Work required.
Output the data in full. Keep every word exact and exclude the pictures.

Exercise data.
-=-=-

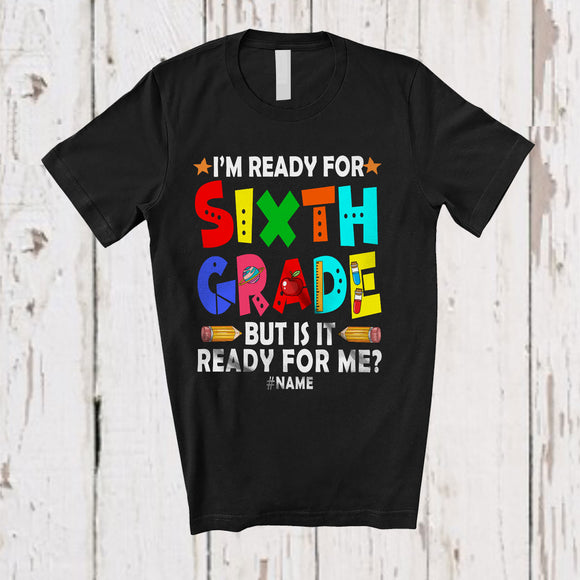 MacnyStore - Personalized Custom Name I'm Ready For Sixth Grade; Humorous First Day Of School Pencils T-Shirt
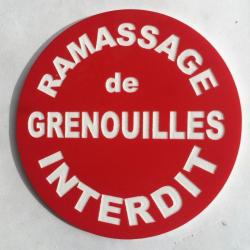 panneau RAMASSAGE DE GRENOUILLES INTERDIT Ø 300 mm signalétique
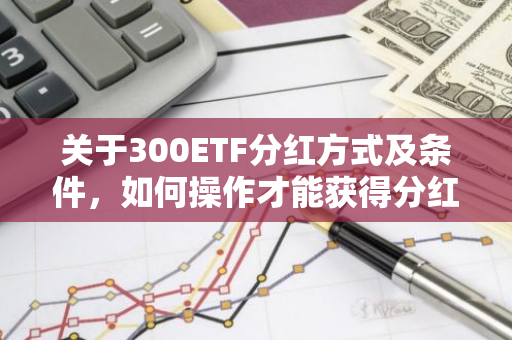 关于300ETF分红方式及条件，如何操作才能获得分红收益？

-=-=-

Output of the task.
 MacnyStore - Personalized Custom Name I'm Ready For Sixth Grade; Humorous First Day Of School Pencils T-Shirt
 panneau RAMASSAGE DE GRENOUILLES INTERDIT Ø 300 mm signalétique
 关于300ETF分红方式及条件，如何操作才能获得分红收益？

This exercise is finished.